La Procura pubblica grigionese ha deciso di aprire un procedimento penale contro un cacciatore a seguito dell'uccisione non autorizzata di un lupo in Valposchiavo scoperto nel settembre del 2025. La conferma è stata data oggi a Keystone-ATS.
09.02.2026
1 min
Un lupo si trova in un ambiente boschivo, con la neve sul terreno e vegetazione verde sullo sfondo. Sta guardando verso l'osservatore con una postura attenta
A inizio settembre dell'anno scorso è stata ritrovata una carcassa di un lupo in Valposchiavo. L'animale presentava una ferita d'arma da fuoco, malgrado nella regione non fossero stati autorizzati degli abbattimenti. (Immagine simbolica d'archivio).
© Keystone-ATS / Michael Buholzer

A carico del cacciatore - per cui vige la presunzione d'innocenza - entra in considerazione un'infrazione alla Legge sulla caccia. Il lupo è un animale protetto dal diritto federale, ha scritto il ministero pubblico.
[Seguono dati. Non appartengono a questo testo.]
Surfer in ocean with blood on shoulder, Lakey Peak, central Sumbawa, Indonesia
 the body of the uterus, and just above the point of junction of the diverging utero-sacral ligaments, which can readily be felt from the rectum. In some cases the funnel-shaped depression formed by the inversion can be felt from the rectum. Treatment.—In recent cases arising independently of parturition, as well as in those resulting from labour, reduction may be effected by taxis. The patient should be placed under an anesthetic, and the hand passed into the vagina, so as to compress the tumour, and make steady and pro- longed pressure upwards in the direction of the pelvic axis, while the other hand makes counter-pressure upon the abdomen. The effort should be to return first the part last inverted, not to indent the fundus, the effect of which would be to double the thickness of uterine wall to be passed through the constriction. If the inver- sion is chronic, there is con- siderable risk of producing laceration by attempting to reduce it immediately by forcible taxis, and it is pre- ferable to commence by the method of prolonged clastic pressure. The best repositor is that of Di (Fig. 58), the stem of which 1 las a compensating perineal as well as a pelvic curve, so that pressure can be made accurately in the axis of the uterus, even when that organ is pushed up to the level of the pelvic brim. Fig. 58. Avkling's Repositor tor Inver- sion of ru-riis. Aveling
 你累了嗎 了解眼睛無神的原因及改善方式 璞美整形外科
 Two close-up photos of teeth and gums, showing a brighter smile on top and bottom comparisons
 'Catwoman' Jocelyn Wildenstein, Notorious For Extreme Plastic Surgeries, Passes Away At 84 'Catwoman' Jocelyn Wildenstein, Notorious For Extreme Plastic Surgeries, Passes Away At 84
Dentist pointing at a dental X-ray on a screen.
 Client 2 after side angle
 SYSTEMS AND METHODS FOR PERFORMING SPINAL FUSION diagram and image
Secondo il testo di legge, chi caccia o uccide intenzionalmente e senza autorizzazione animali protetti rischia una pena detentiva sino a un anno o una pena pecuniaria. Se l'autore ha invece agito per negligenza rischia una multa fino a un massimo di 10'000 franchi.

La carcassa dell'esemplare maschio ritrovata il primo settembre dell'anno scorso in Valposchiavo presentava una ferita mortale d'arma da fuoco. Nella regione non era consentito l'abbattimento di lupi.